By Tom Miller
And lo, did Beijing wave its magic wand, and there was much rejoicing!
China’s economy grew 7.9 per cent faster in the second quarter of this year than it did during the same period last year. That means GDP expanded by 7.1 per cent in the first half and is now set to hit the government’s magic 8 per cent target for the year.
Beijing’s massive fiscal and monetary stimulus appears a roaring success. The combination of central government deficit spending and a tsunami of bank loans mean that the total amount of extra cash pumped into the economy above a business-as-usual scenario could be in the order of US$1,000bn this year alone.
But paying for stimulus projects is putting strain on local finances. Only around 30 per cent of the stimulus cash will come from central coffers, with the rest provided by local governments and companies, largely paid for by bank loans and bond issuances.
Many local governments and companies are finding it difficult to drum up the cash. A May survey of 335 stimulus-related investments by the National Audit Office found that local governments had stumped up less than half of their promised funds, compared with a 94 per cent figure for the central government.

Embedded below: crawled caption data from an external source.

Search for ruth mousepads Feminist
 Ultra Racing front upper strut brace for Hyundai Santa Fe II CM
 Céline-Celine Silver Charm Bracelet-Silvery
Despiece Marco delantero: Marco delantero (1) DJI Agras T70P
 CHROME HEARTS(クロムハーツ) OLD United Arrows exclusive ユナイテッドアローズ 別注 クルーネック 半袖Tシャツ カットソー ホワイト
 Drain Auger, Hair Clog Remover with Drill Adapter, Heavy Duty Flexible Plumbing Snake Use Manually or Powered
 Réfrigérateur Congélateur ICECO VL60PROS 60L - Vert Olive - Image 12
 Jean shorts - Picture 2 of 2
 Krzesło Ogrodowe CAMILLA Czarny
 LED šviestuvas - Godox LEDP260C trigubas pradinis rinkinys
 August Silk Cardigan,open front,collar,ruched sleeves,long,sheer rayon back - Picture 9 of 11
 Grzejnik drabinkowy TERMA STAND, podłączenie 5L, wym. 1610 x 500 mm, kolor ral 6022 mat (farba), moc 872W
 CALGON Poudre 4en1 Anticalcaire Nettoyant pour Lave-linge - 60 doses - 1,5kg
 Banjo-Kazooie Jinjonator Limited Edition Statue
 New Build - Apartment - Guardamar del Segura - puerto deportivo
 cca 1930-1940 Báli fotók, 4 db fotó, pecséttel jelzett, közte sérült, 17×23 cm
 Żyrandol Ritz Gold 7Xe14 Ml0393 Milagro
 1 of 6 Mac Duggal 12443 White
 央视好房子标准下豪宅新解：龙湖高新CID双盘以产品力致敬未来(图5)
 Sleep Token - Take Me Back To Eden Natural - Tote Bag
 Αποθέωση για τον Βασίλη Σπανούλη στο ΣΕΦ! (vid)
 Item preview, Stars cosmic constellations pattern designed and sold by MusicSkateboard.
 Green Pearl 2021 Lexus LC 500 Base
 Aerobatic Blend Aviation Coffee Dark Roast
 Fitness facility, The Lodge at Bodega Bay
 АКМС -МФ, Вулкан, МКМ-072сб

Aside from bank loans, a large chunk of financing is meant to come from a new type of local government bond. Since local governments are technically banned from running budget deficits, the Ministry of Finance issues these bonds on local governments’ behalf.
The initial Rmb200bn programme, which includes issuances on behalf of both provinces and cities, is set to finish at the end of this month. Although the new bond issuances are a huge step forward for local financing, they have two principal problems.
First, poorer provinces may default on their bonds, leaving the central government to pick up the bill. In this event, the central government may respond by withholding fiscal transfers from central coffers.
Second, the Rmb200bn programme is far too small to provide sufficient financing for planned stimulus projects. For example, Guangdong only received a bond issue quota for a paltry Rmb2bn-Rmb5bn, less than 10 percent of what it wanted.
Municipal governments, which have enormous expenditure requirements but scant budgetary resources, look particularly vulnerable – especially as many already have considerable hidden debts and liabilities.
For the past decade, local governments have relied on land sales to fund investment. But with land rapidly running out and stimulus spending adding to the pressure, many are experiencing a funding squeeze.
The world of local finance is deeply murky. Since local governments are technically prohibited from borrowing, cities typically use quasi-legal Municipal Development and Investment Companies (MDIC) to invest funds on the government’s behalf.
Although MDICs are government-owned, they operate outside the municipal budget. The result is a tangle of grey financing that makes it impossible to establish the true budgets and debt positions of city governments.
City investment companies have recently been busy attempting to make up shortfalls by issuing their own “hybrid municipal” bonds. According to the National Development and Reform Commission, city-level investment companies tied to local governments issued 46 municipal bonds in the year to June 1, raising Rmb60.5bn.
The central government is betting that today’s spending will spur economic growth, which will in turn generate tax revenues to pay the bill. But many city governments will struggle to meet their stimulus commitments, and we can expect defaults on municipal bonds.
If provincial governments cannot pick up the tab, the central government will be forced to do so.